Alors, d’une règle très bien comprise et appliquée par tous, certains ont commencé à étirer l’élastique. Petit à petit, les avantages ont grossi. Un peu comme la grenouille dans l’eau dont on fait tranquillement monter la température, ils ne se sont rendu compte de rien. Ça a pris quelqu’un de l’extérieur pour dire à la grenouille que quelque chose n’allait pas.
Et devinez quoi? La grenouille a été mise à l’amende. De grosses sommes, dans les sept chiffres. Du genre qui fait mal et qui fait perdre la face.
Du genre qui fait aussi revenir au-devant de la scène le débat sur l’encadrement des avantages consentis par les OPC envers les courtiers et représentants. Dans les circonstances, il est de bon ton d’appeler à un encadrement plus strict, à couper dans le gras et à mettre au pas une industrie qui carburerait aux conflits d’intérêts.
Si la résurgence de ce débat peut être utile afin de mettre fin aux excès, il faut éviter d’en faire une inquisition et d’être plus catholique que le Pape. Il faut également placer cet enjeu dans le contexte d’une industrie qui n’évolue pas en silo.
Réglons tout de suite un point : un weekend au Grand prix du Canada tous frais payés, des bijoux ou un iPad, ce sont clairement des cadeaux d’une valeur qui excède toute raisonnabilité. Là-dessus, la réglementation actuelle est claire – les récentes sanctions le prouvent – et il ne reste qu’à faire de l’encadrement et de « l’enforcement ».

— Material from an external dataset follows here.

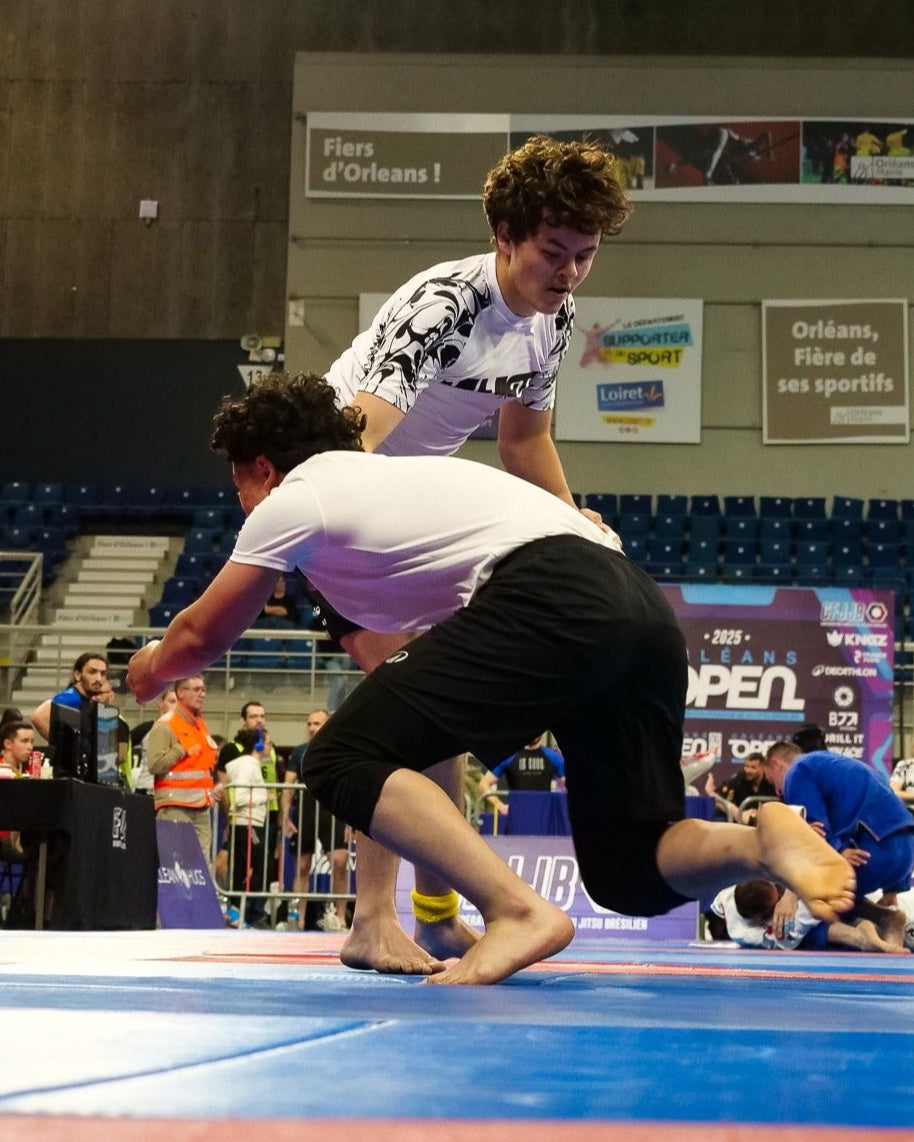 Rashguards classés MARBL - Ceintures BJJ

Maintenant, posons-nous les questions sur la réglementation qui encadre les pratiques commerciales des OPC : un resserrement est-il nécessaire? Que reste-t-il à restreindre si les écarts inacceptables sont clairs? Quelles pratiques mettent en situation de conflit d’intérêts les courtiers et représentants?
Un repas au restaurant? Si le repas est raisonnable et dans un cadre d’affaires, il n’y a aucun problème si la pratique ne se répète pas à l’excès. Si un courtier ou un représentant voit son indépendance professionnelle mise à mal par une invitation à un dîner d’affaire, le problème n’est pas le dîner mais la personne qui accepte l’invitation!

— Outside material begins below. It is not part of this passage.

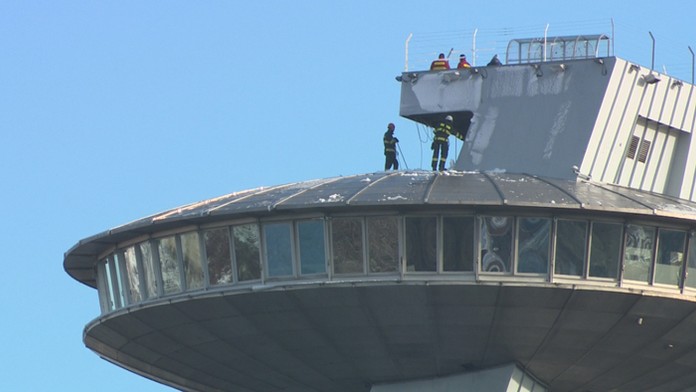 Telo našli náhodní okoloidúci.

Une sortie à un spectacle ou un match sportif? Bien qu’une telle pratique soit dans une zone plus grise, il ne faut pas oublier qu’on ne peut désincarner la pratique des affaires des relations humaines, lesquelles ne peuvent se développer uniquement à coup de colloques, de formations ou de rencontres. Ceci dit, il est possible qu’il soit opportun de baliser la valeur ou la fréquence de tels avantages afin d’éviter les excès.
Le matériel promotionnel? On aura beau offrir un plein camion de stylos-billes que ça ne risquerait pas d’influencer qui que ce soit. Mais qu’en est-il des objets de plus grande valeur? À partir de combien le jugement d’un inscrit peut-il être affecté? À quelle fréquence est-ce raisonnable de remettre de tels objets promotionnels?
Toute évaluation de ces enjeux doit considérer que c’est la dose qui fait le poison. Une simple clarification pourrait régler bien des maux sans pour autant virer le monde à l’envers.
Car un renforcement substantiel de l’encadrement des pratiques commerciales des OPC pourrait avoir pour effet collatéral d’augmenter l’écart, déjà abyssal, entre les pratiques commerciales en valeurs mobilières et celles dans l’industrie de l’assurance.
Un agrandissement de cet écart pourrait augmenter l’avantage concurrentiel dont jouissent déjà certains groupes où les valeurs mobilières et l’assurance de personnes sont intégrées dans une structure corporative sœur et mener à un arbitrage réglementaire pour certains inscrits recherchant un maximum d’avantages.
Cette réalité s’articule autant au niveau des conseillers que des cabinets ou courtiers qui peuvent trouver un avantage certain dans les pratiques commerciales de certains assureurs qui offrent des congrès, voyages, cadeaux ou un soutien financier généreux à leurs bons producteurs.
Les régulateurs, à plus forte raison l’Autorité des marchés financiers de par son statut de régulateur intégré, ont tout avantage à considérer ces éléments s’ils estiment qu’une intervention est requise. Le traitement équitable du consommateur est en jeu.